Déjà amplifiée par la sortie en octobre 2017 du récit de cette affaire au format littéraire (La boîte noire), la stratégie d’Itō s’élève encore plus haut avec la sortie de ce foudroyant documentaire, réalisé et autoproduit par ses soins. Parce que la jeune femme impose ici un déroulé on ne peut plus clair et synthétique de son parcours de combattante, dont la progression s’accompagne de tous les nombreux enregistrements (audio et vidéo) qu’elle aura tâché de réaliser (parfois en secret) durant ses entretiens et ses confrontations publiques.
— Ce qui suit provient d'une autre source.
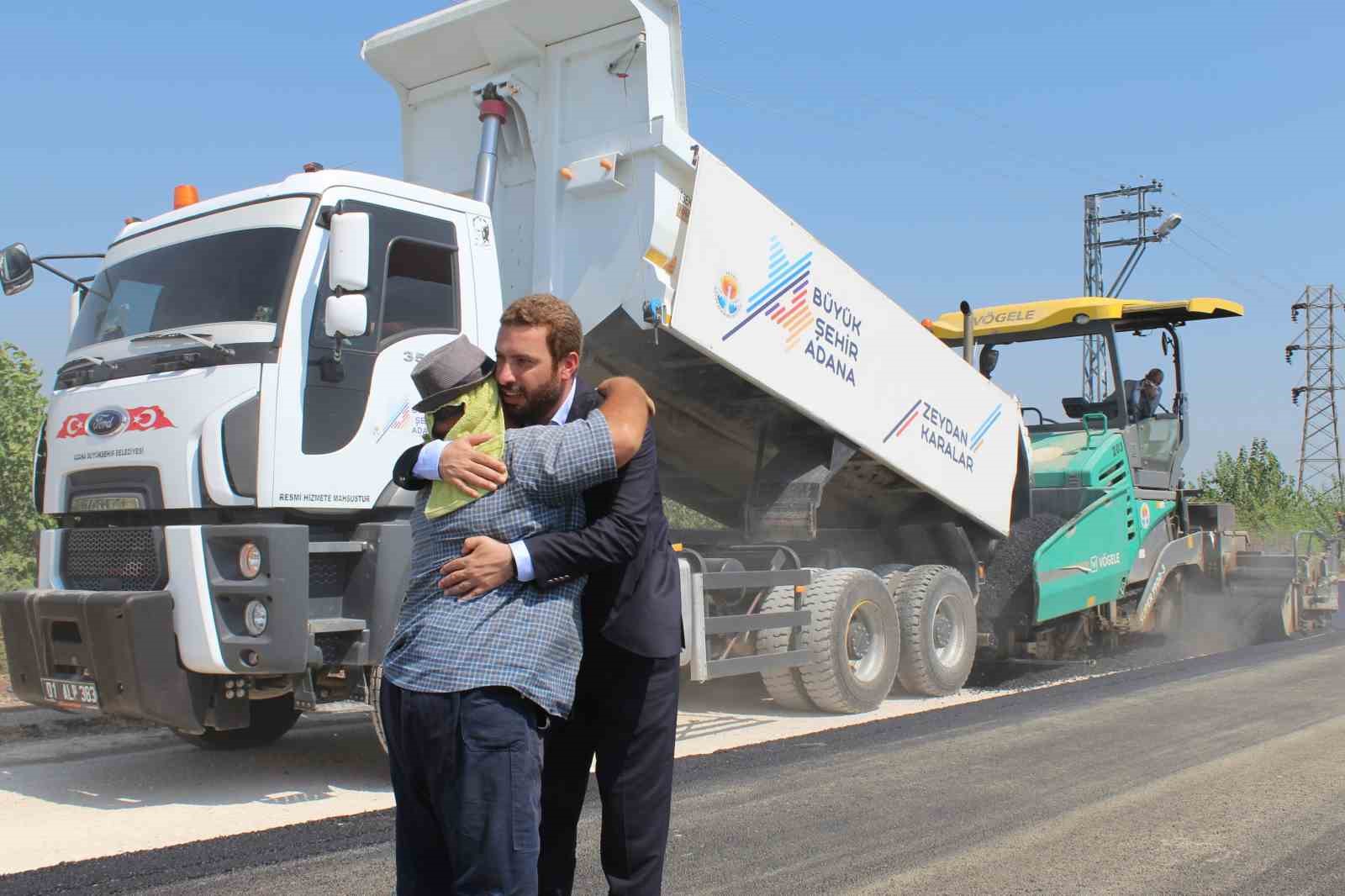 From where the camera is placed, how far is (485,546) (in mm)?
2406

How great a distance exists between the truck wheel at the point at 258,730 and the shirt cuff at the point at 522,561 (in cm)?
491

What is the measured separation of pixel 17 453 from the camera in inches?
479

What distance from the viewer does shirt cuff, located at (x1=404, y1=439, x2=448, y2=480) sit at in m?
2.51

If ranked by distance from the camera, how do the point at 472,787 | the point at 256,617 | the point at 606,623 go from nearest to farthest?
1. the point at 472,787
2. the point at 606,623
3. the point at 256,617

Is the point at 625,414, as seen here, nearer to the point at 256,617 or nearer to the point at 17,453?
the point at 256,617

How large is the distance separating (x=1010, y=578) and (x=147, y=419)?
687cm

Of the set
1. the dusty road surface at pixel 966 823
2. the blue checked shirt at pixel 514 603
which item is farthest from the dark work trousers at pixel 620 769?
the dusty road surface at pixel 966 823

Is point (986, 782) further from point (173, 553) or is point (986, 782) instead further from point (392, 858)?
point (173, 553)

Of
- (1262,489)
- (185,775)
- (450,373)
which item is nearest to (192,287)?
(185,775)

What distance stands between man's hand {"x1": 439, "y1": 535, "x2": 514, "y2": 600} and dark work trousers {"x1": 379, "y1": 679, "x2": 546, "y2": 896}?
20 centimetres

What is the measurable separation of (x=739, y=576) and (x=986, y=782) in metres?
2.23

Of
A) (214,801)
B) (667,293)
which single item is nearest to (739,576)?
(667,293)

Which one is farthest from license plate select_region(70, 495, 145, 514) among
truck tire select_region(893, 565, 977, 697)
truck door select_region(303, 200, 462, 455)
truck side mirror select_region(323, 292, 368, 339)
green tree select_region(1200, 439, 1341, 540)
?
green tree select_region(1200, 439, 1341, 540)

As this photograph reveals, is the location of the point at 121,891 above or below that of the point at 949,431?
below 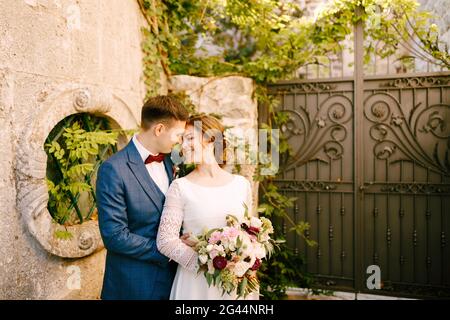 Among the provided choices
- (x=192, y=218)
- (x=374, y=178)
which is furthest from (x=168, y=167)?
(x=374, y=178)

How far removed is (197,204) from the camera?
2.12 m

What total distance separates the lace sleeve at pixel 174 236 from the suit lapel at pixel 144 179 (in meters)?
0.11

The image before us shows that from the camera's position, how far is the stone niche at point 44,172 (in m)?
2.61

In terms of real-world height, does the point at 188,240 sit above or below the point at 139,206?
below

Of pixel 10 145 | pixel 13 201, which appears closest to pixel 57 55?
pixel 10 145

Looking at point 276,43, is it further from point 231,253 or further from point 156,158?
point 231,253

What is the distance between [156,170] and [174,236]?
502 mm

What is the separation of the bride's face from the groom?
0.08 meters

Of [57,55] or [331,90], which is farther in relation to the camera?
[331,90]

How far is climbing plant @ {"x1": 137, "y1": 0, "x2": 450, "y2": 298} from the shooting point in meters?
4.16

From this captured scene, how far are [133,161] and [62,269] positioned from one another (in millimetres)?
1293

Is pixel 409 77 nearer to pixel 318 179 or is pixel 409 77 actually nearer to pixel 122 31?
pixel 318 179

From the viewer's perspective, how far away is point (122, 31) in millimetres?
3686

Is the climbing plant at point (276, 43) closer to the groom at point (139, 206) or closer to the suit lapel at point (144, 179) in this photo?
the groom at point (139, 206) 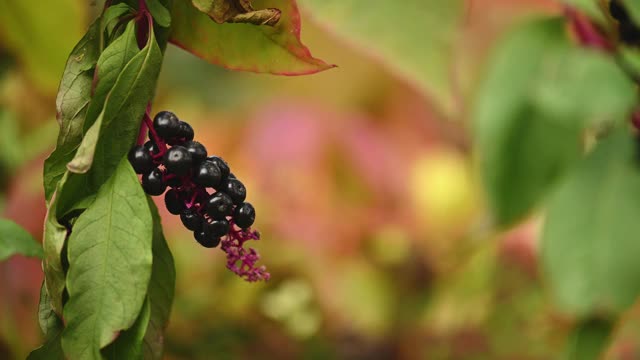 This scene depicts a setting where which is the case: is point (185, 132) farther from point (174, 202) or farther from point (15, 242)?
point (15, 242)

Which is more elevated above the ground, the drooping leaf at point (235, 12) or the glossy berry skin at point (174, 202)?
the drooping leaf at point (235, 12)

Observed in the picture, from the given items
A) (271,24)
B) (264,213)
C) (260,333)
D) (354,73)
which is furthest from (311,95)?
(271,24)

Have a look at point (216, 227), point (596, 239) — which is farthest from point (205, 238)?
point (596, 239)

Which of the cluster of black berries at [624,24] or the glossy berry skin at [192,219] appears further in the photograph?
the cluster of black berries at [624,24]

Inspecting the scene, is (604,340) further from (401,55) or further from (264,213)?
(264,213)

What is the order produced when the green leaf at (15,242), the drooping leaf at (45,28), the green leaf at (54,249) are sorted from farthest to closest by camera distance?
the drooping leaf at (45,28)
the green leaf at (15,242)
the green leaf at (54,249)

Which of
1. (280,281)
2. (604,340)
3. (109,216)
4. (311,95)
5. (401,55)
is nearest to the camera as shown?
(109,216)

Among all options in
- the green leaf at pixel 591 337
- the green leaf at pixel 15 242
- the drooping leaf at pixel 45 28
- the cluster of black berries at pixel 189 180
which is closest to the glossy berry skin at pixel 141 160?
the cluster of black berries at pixel 189 180

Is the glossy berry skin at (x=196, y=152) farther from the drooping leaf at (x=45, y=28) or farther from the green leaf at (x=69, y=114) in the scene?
the drooping leaf at (x=45, y=28)

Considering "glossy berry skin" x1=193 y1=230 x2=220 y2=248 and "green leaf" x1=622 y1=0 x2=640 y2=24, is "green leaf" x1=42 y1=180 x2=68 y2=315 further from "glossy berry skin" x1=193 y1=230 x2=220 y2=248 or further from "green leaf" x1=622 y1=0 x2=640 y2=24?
"green leaf" x1=622 y1=0 x2=640 y2=24
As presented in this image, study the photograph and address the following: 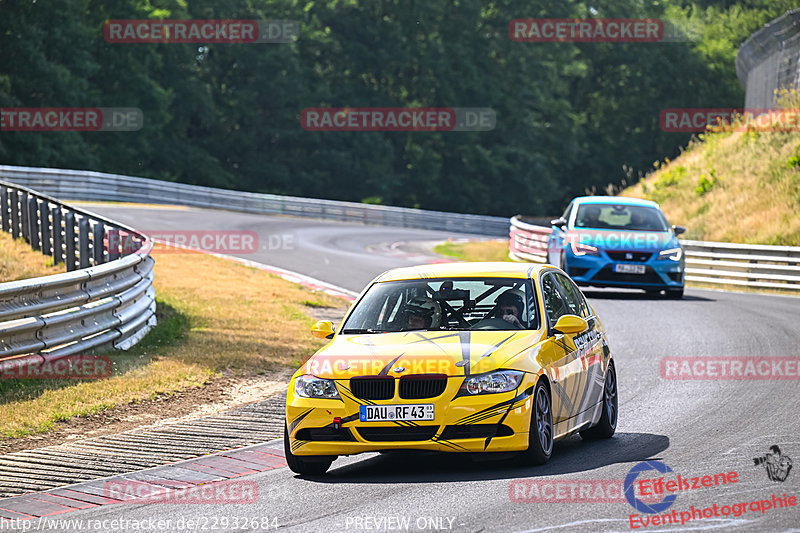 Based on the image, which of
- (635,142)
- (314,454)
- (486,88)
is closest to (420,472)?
(314,454)

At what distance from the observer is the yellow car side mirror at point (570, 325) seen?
9000mm

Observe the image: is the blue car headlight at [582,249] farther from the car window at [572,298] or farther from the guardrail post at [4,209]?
the car window at [572,298]

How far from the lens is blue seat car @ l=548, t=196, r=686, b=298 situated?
2141 cm

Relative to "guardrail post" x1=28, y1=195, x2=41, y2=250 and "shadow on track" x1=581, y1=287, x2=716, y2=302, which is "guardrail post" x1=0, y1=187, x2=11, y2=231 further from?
"shadow on track" x1=581, y1=287, x2=716, y2=302

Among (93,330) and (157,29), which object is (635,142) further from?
(93,330)

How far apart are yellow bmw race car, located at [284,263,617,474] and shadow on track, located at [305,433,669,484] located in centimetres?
16

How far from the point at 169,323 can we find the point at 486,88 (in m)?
62.5

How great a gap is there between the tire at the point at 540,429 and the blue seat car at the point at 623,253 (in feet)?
42.5

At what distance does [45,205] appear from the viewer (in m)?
20.7

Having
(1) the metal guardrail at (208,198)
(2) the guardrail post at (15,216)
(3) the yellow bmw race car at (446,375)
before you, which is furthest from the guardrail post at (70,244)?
(1) the metal guardrail at (208,198)

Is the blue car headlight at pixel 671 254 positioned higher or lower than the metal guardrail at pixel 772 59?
lower

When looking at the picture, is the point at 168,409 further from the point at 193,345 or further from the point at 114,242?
the point at 114,242

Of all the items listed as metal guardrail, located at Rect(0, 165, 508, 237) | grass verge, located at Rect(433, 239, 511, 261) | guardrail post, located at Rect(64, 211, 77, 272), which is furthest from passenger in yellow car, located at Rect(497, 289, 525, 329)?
metal guardrail, located at Rect(0, 165, 508, 237)

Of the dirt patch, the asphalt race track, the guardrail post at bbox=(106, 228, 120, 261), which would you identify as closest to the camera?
the asphalt race track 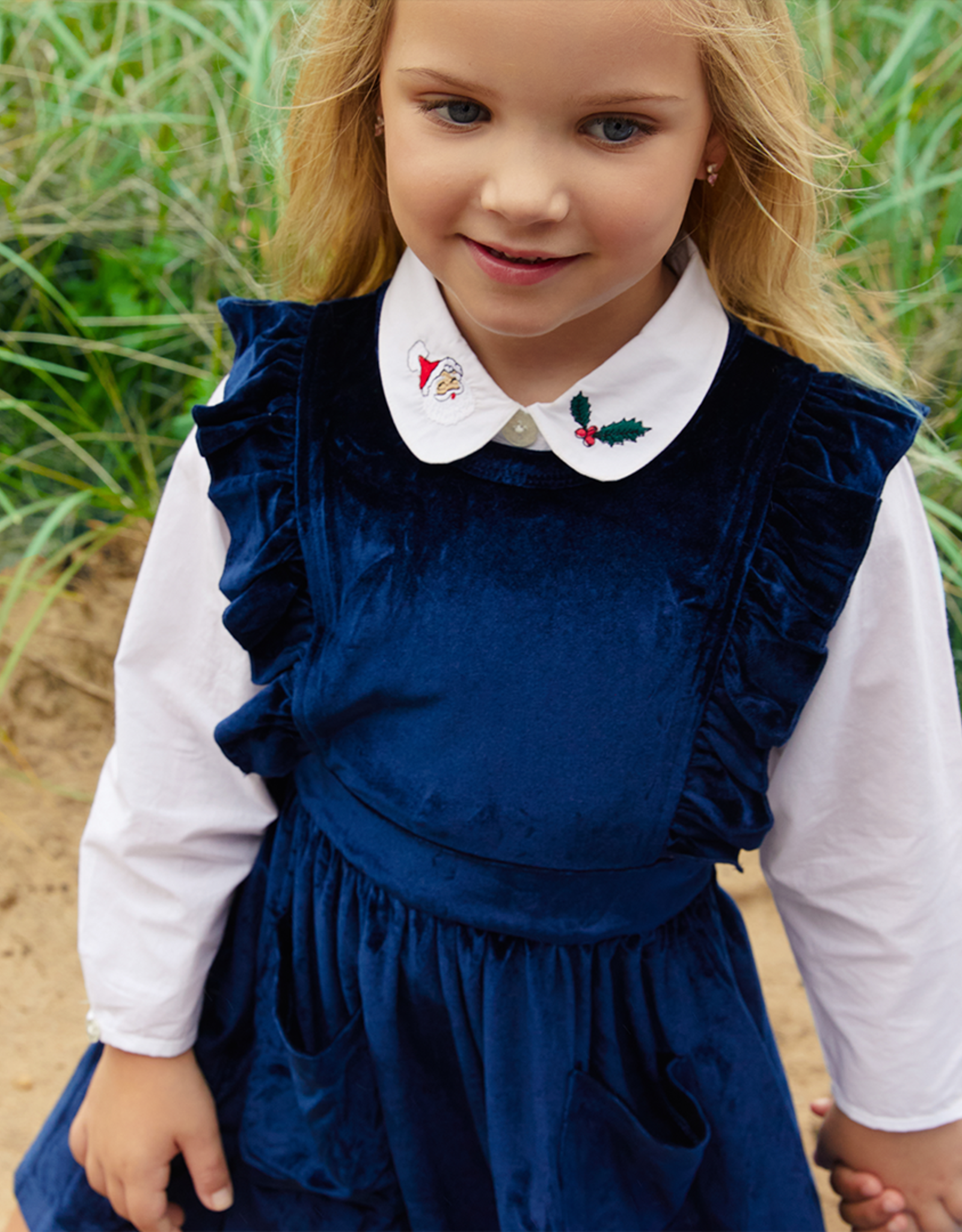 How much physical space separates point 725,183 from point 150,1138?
3.02 feet

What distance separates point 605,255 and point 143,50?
2.16 meters

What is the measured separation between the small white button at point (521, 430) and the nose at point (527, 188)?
0.18 meters

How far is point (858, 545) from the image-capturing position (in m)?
0.84

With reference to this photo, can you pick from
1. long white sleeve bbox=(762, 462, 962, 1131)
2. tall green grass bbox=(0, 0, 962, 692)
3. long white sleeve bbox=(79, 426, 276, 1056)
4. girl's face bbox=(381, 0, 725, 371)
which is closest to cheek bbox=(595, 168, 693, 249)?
girl's face bbox=(381, 0, 725, 371)

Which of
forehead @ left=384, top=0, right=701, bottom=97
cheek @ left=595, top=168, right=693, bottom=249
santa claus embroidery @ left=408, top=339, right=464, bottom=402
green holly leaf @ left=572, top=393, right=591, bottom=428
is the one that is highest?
forehead @ left=384, top=0, right=701, bottom=97

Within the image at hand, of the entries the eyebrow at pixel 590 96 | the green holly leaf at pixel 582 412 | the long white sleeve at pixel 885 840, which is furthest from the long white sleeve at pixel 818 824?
the eyebrow at pixel 590 96

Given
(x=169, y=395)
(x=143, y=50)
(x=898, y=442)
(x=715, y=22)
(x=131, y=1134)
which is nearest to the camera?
(x=715, y=22)

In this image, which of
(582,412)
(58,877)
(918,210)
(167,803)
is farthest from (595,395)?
(918,210)

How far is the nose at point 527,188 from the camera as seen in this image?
72cm

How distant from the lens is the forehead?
2.22 feet

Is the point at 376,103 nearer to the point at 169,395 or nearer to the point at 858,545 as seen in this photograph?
the point at 858,545

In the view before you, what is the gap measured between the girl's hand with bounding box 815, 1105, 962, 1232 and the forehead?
33.4 inches

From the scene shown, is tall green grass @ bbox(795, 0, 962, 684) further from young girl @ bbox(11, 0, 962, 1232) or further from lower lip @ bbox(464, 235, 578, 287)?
lower lip @ bbox(464, 235, 578, 287)

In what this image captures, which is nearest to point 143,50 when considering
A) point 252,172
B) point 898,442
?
point 252,172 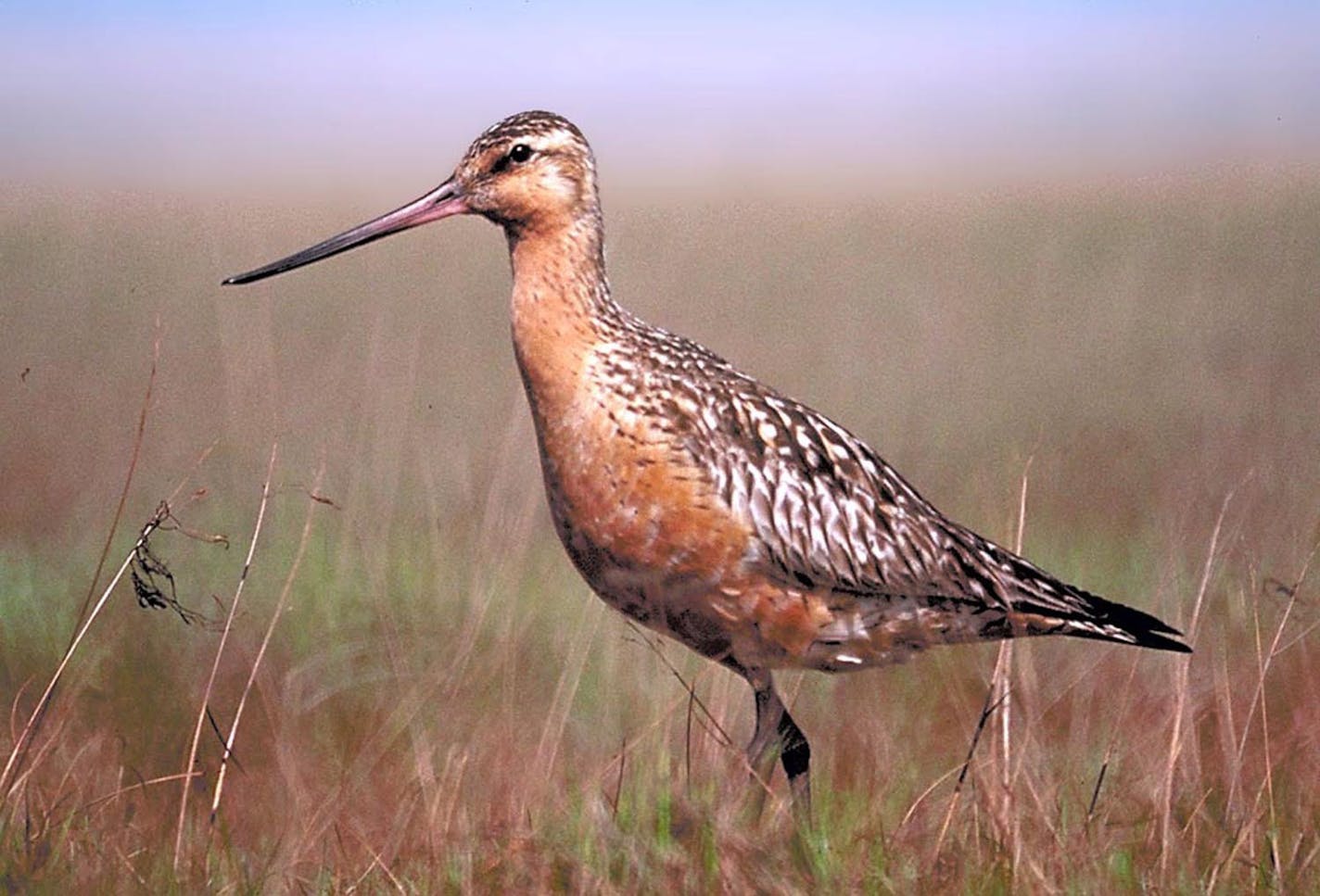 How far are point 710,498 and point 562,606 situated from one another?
1.86 m

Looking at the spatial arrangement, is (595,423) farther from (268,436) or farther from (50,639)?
(268,436)

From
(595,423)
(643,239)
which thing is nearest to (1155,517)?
(595,423)

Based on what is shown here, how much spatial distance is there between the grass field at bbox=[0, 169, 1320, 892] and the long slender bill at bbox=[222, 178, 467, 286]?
1.32 ft

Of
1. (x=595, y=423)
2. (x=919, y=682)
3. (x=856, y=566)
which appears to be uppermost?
(x=595, y=423)

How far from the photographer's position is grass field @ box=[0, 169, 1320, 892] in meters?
4.00

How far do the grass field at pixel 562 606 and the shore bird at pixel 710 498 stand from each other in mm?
Result: 257

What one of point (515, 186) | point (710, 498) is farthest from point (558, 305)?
point (710, 498)

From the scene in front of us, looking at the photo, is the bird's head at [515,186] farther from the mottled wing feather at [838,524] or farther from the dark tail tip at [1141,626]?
the dark tail tip at [1141,626]

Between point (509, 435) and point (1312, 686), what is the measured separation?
8.19 feet

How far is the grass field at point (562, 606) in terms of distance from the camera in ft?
13.1

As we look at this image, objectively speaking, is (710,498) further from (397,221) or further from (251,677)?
(251,677)

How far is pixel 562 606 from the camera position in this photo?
651cm

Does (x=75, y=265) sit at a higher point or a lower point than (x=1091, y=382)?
higher

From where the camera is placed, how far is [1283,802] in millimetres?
4418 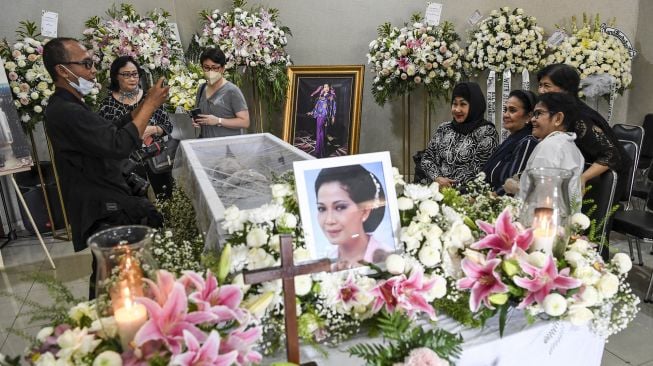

Sa contestation du système patriarcal nippon se faufile ici par les interstices d’une narration tendue, subjective, symbolique, au fond pas si éloignée de celle du "Citizenfour" de Laura Poitras – les deux films ont en commun de s’ouvrir par l’écoute d’un message sonore dans un tunnel sombre. La force du symbole, ici libérée par le biais de cadrages poétiques à la Chris Marker et de cartons imposant la pudeur du regard sur tout ce qui le nécessite, est la matrice première de ce film courageux et méritant, avançant à rebours de tous les codes les moins subtils du docu-drama. Là-dedans, pas un seul gramme de pathos ou de misérabilisme à relever, juste des faits à ordonner, des actions à souligner et des attitudes – notamment silencieuses – à fustiger.
De cette forme conceptuelle à toute épreuve se dégage surtout une forte croyance dans le potentiel du 7ème Art à porter la voix des faibles contre les forts, à en supporter l’indignation par un puissant soutien narratif en totale adéquation avec la démarche, et à transcender ainsi le combat face à l’injustice et aux archaïsmes d’une société. L’émotion partagée qui en découle est bien la preuve que le message a été parfaitement reçu, et qu’un tel état d’esprit engagé, quand bien même il reste constamment soumis à forte pression, peut compter sur l’Art au sens large pour remonter la pente et tutoyer cette libération intime tant espérée – notons une utilisation pour une fois très sensée du tube le plus célèbre de Gloria Gaynor. Universel et exemplaire, "Black Box Diaries" est destiné à marquer les esprits.